A class action has been filed against, among others, Microsoft, Open AI and GitHub in the US District Court for the Northern District of California.
The class action primarily relates to the use of software code hosted in GitHub, an internet hosting repository for software development which commonly includes software code licensed under open-source licences such as GPL and Apache. This software code is said to have been utilised to train GitHub’s "Copilot", a programming tool that enables software developers to quickly generate code by generating coding suggestions from a programmer’s natural language comments. Copilot is powered by OpenAI’s "Codex" artificial intelligence system, which is also included in the action. The Copilot tool is a proprietary tool that requires programmers to sign up to a subscription model to use it.
This appears to be the first US class action challenging the training and output of an AI model and is therefore likely to been keenly watched by developers, data scientists and lawyers in the field.

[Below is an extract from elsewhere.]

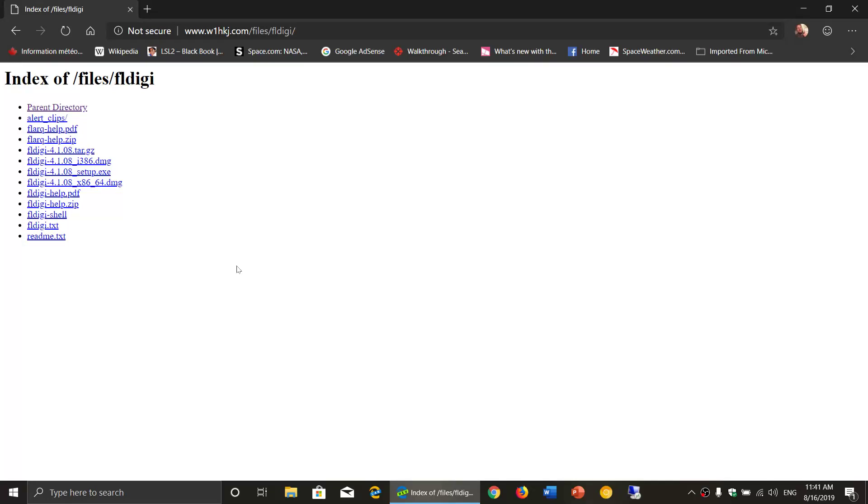Welcome to this shortwave radio channel. This is a quick update to FLDG digital mode decoding software. So if you use FLDG, they actually just updated to a new version, version 4.1.08. So check it out.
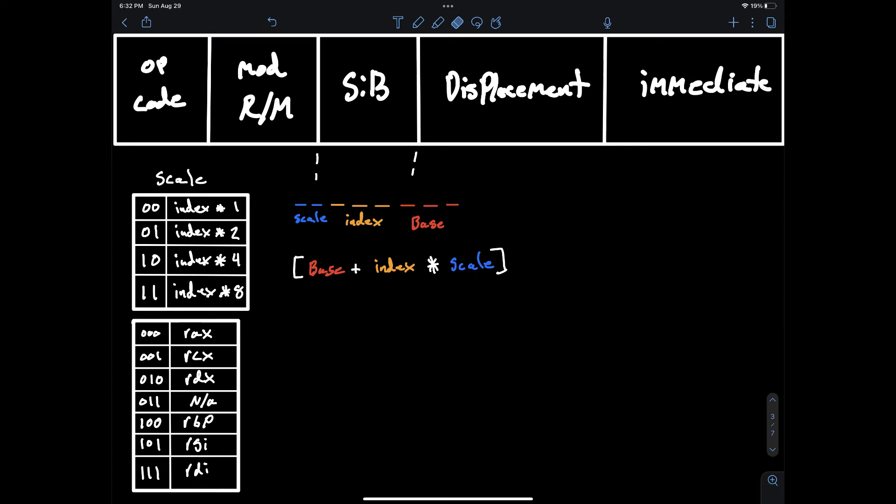The SIB byte is like the modreg R/M byte. It can be split into three parts: the scale, the index, and the base. Scale is simply a two-bit value that determines what the index is going to be multiplied by. Index is the block number you're trying to find the address of. In the encoding you provide a register that holds the index value. Then there is the base. This is simply another register that denotes the base address or starting address.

The press release from the claimants’ lawyers states “By training their AI systems on public GitHub repositories […] we contend that the defendants have violated the legal rights of a vast number of creators who posted code or other work under certain open-source licenses on GitHub.”
The action is likely to involve a number of issues, including the following:
Has copyright in software hosted in GitHub been infringed? In that respect:
- Has code been copied from GitHub in order to be used as training data for, or incorporated in, Copilot/Codex?
- Are Copilot coding suggestions derivative works of GitHub code or do they render such derivative works as outputs?
- Is the use made of code hosted in GitHub permitted under the US doctrine of fair use - for example, because it is transformative and used for a different purpose, namely to train Copilot/Codex to generate code? Certainly there have been instances in the US where text and data mining has been upheld as a fair use.
Do the open-source licence terms included with the code hosted in GitHub prevent the use made of the code by Microsoft/OpenAI and GitHub? For example:
- Do the terms preclude use of the code (i) as training data or (ii) which results in it being incorporated verbatim in proprietary code such as Copilot/Codex?
- Have those license terms otherwise been breached – for example, by a failure to attribute the author’s name and copyright in a manner required by the open-source licences?
Do GitHub’s own Terms of Service entitle it to use the GitHub code as it has done? Notably, the lawsuit suggests that the defendants have violated their own Terms of Service.
The claimant lawyers have noted, “[t]his is the first step in what will be a long journey.”
We shall keep a close eye on this one.